Iran

All’inizio della seconda guerra mondiale, l’Iran (nome poi dato nel 1935 dallo scià Riza Khan – fondatore della dinastia Pahlavi) in sostituzione di quello di Persia (Iran significa “terra degli Arii”, nome smaccatamente nazionalistico) anche se aveva proclamato la propria neutralità, apparentemente parteggiava per i tedeschi (fino allora i principali partner commerciali dell’Iran) che nel giugno 1941 avevano invaso l’Unione Sovietica. Quest’ultima divenuta alleata dell’Inghilterra in funzione antinazista, con i propri militari, uniti a quelli inglesi, il 25 agosto 1941, con il pretesto di dare la sicurezza ai campi petroliferi, occupavano le regioni settentrionale e meridionali del Paese; costrinsero (perchè lo scià non volle avallare quell’arbitraria occupazione) abdicare e andare in esilio Riza Khan, e misero sul trono -il 16 settembre- il figlio Riza Pahlavi. Filo-occidentale, opportunista e con ambiziosi programmi, fondati sull’investimento dei proventi del petrolio che lui avrebbe potuto vendere ai paesi occidentali, giocando ovviamente al rialzo visto che sia la Gran Bretagna che l’Urss miravano a fine guerra proprio ai campi petroliferi iraniani esistenti e a nuove concessioni.

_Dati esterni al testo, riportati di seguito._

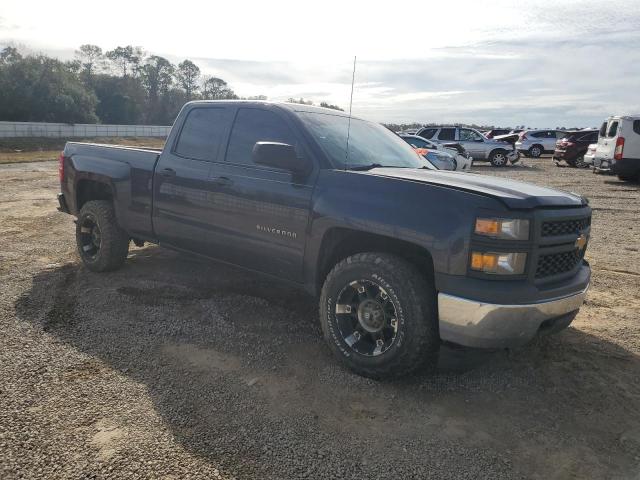 Photo 3 VIN: 1GCVKPEC5EZ199318 - CHEVROLET SILVERADO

Con il nuovo più malleabile scià, gli occupanti Gran Bretagna e Urss, firmarono un trattato (29 gennaio 1942) promettendo che una volta annientati i tedeschi, avrebbero rispettato la sovranità del Paese e che nell’arco di sei mesi avrebbero ritirato le proprie forze d’occupazione. Ma – non essendo la guerra finita – i due alleati oltre che occupare il Paese si riservarono il diritto di utilizzare le vie di comunicazione iraniane, oltre che il petrolio; il che consentì nei successivi tre anni di inviare in Russia imponente materiale per lo sforzo bellico sostenuto dai sovietici contro le armate naziste e dirifornirli di una quantità impressionante di carburante.